Gringo, es el gentilicio de EE.UU. 

No tiene absolutamente ningún tono de insulto ni de discriminación. Quizá en un momento lo tuvo, pero eso fue hace muchos años. Y las nuevas generaciones no tenemos esos prejuicios.

Tampco la palabra "negro" aplicada a una persona es peyorativa, ahora, si va seguida de "de mierda" entonces creo que todas las palabras son despectivas.

Esto es en México, ya vemos que en Argéntina las cosas son distintas.

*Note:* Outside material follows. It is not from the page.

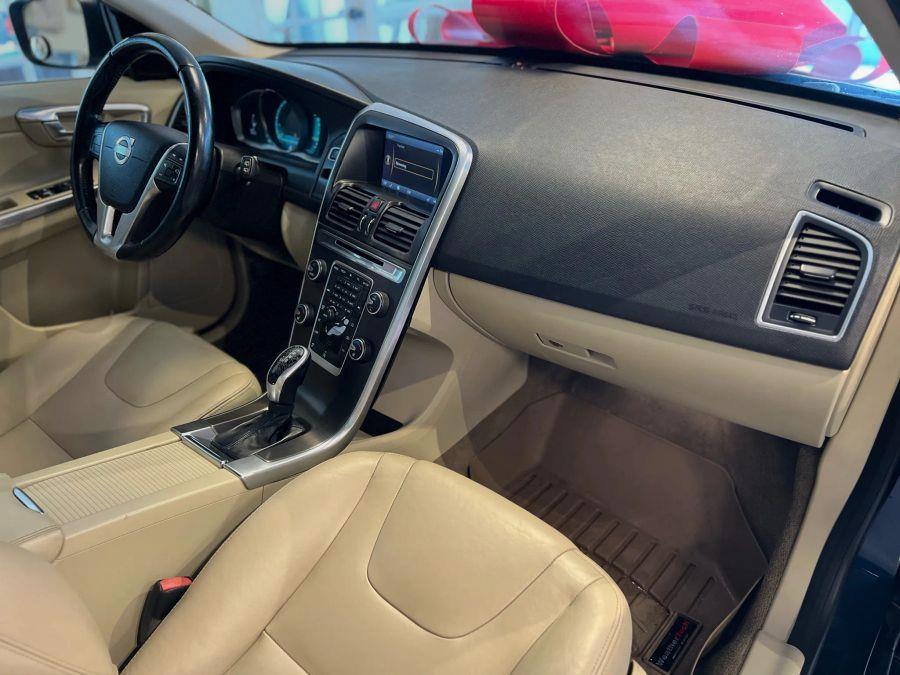 2015 Volvo Xc60 T5 Platinum Sport Utility 4D (2015.5), available for sale in Santa Ana, California | K&T Motor LLC. Santa Ana, California 2015 Volvo Xc60 T5 Platinum Sport Utility 4D (2015.5), available for sale in Santa Ana, California | K&T Motor LLC. Santa Ana, California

_PS: La palabra "chicano" también ya tiene muy poca connotación discriminatoria, no creo que dure otra generación._

Saludos.


----------



## Magmod

mirx said:


> Gringo, es el gentilicio de EE.UU.


 
  Me parece que Jon Wayne es un gringo pero no Sydney Portier porque el segundo viene originalmente de África y el primero de Europa  ¿no?

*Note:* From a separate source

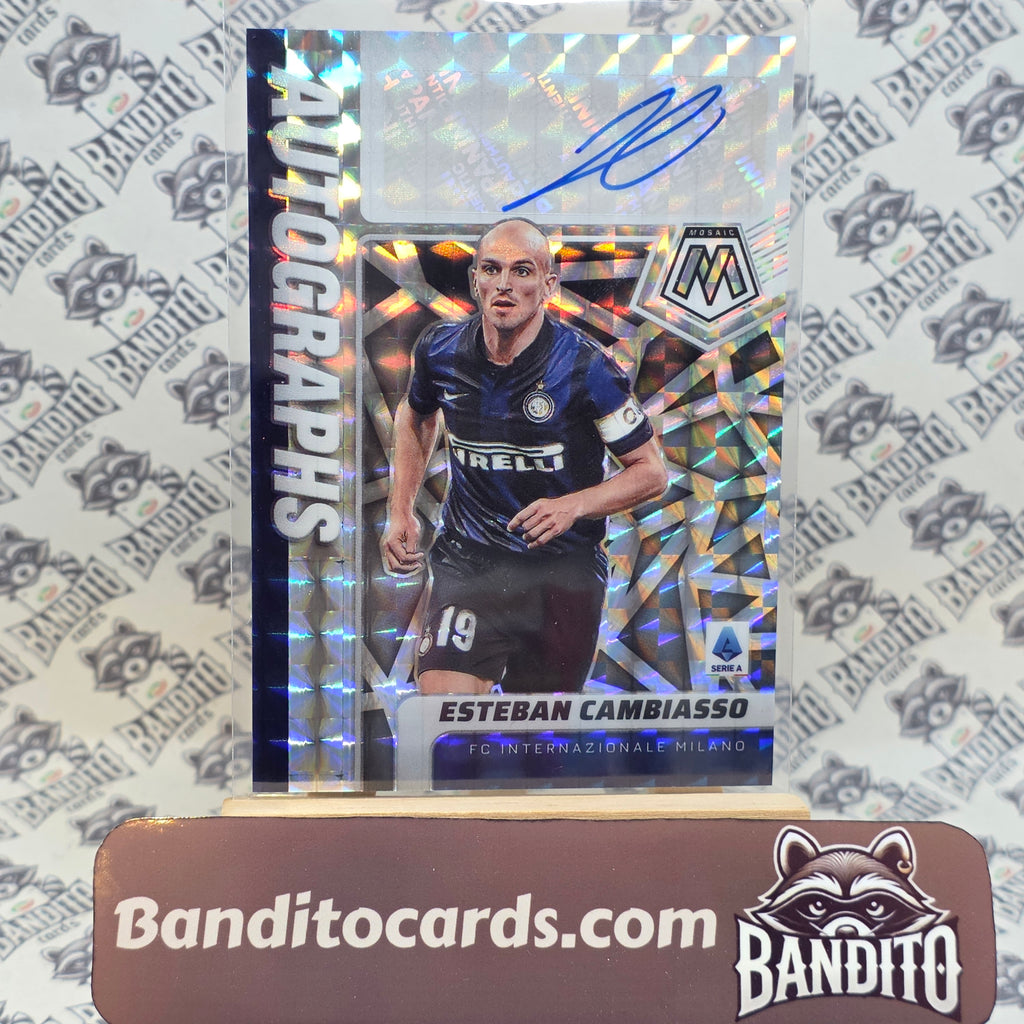 2022 Panini Mosaic Esteban Cambiasso Auto - Inter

  Claro Sydney Portier no es describidlo como _negro de mierda_ ¿no? 
  Perdona mi español es elemental.


----------



## Namarne

Magmod said:


> Claro Sydney Portier no es describidlo como _negro de mierda_ ¿no?

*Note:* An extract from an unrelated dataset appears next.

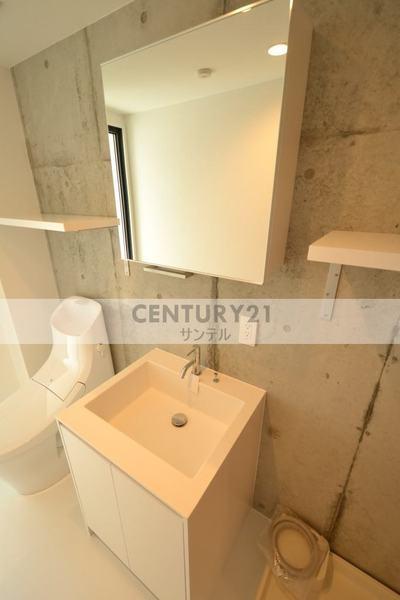 AKHC(エイケイエイチシー）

Hombre, ni a Sydney Poitier ni a nadie.


----------



## Hidrocálida

Magmod said:


> Me parece que Jon Wayne es un gringo pero no Sydney Portier porque el segundo viene originalmente de África y el primero de Europa  ¿no?
> 
> Claro Sydney Portier no es descr*ito* como _negro de mierda_ ¿no?
> Perdona mi español es elemental.


Hola :
Pues mira, en México, en un principio cualquier persona que hable inglés es un gringo, si despues  nos enteramos  que es de Jamaica, Inglaterra, etc, entonces decimos que es  inglés, jamaiquino, canadiense, etc.
Lo que te quiero decir es que para llamarte gringo, no tomamos en cuenta el color de piel, ni el origén de sus ancestros, puede haber gringos de origen oriental, europeo, etc.
Saludos
Y nunca describiría a Sydney Portier ni a ningún otro como un *negro de mierda
* En México la palabra *negro* tampoco es peroyativa


----------



## ToñoTorreón

Creo que gringo, al menos por acá, no es peyorativo en sí mismo. Tampoco negro, chino, pocho o chicano. Todo depende del tono y la intención al decirlo. Blanco no es peyortivo, pero si digo "este pinche blanco de mierda" la cosa cambia.


----------



## Ayutuxtepeque

En *El Salvador*, similar a México, el término "gringo" se aplica a toda persona de raza blanca, de apariencia extranjera y sobretodo que no habla español. Dependiendo del tono en que se diga, al igual que con cualquier otra palabra, puede resultar ofensiva o no. En general, no se considera su uso de manera despectiva.


----------



## Iben Xavier Lorenzana

Magmod said:


> ¿En cuáles zonas hispanohablantes se usa gringo/a de manera derogatoria?


 
Hola,
Les comento lo siguiente. En Brasil se le dice gringo a cualquier extranjero, sin importar su nacionalidad. Gringo se volvio' una especia de sinonimo de extranjero en este pais y no es de ninguna manera peyorativo.

Saludos - Iben Xavier


----------



## Aviador

Hola.

Aquí, en Chile, _gringo_ no es en absoluto peyorativo excepto, claro, que se le quiera dar, en algún momento, dicha connotación como seguramente se puede con cualquier gentilicio. Además de identificar a los de Estados Unidos de América, la palabra _gringo_ se usa, frecuentemente aquí, para llamar también a los de países europeos no latinos; así no es raro que alguien llame gringo también a un alemán, un británico, un sueco, un polaco, etc. Y hasta a un chileno con ascendencia de aquellos países que conserve las características de su origen; como llamabamos al gringo Schwerter, un amigo mío de infancia, chileno hasta el tuétano, pero de padres alemanes.

Saludos


----------



## mirx

Otra cosa más.

No sé si se aplique en toda la República, pero al menos donde yo vivo, Michael Jordan es tan gingo como George Bush.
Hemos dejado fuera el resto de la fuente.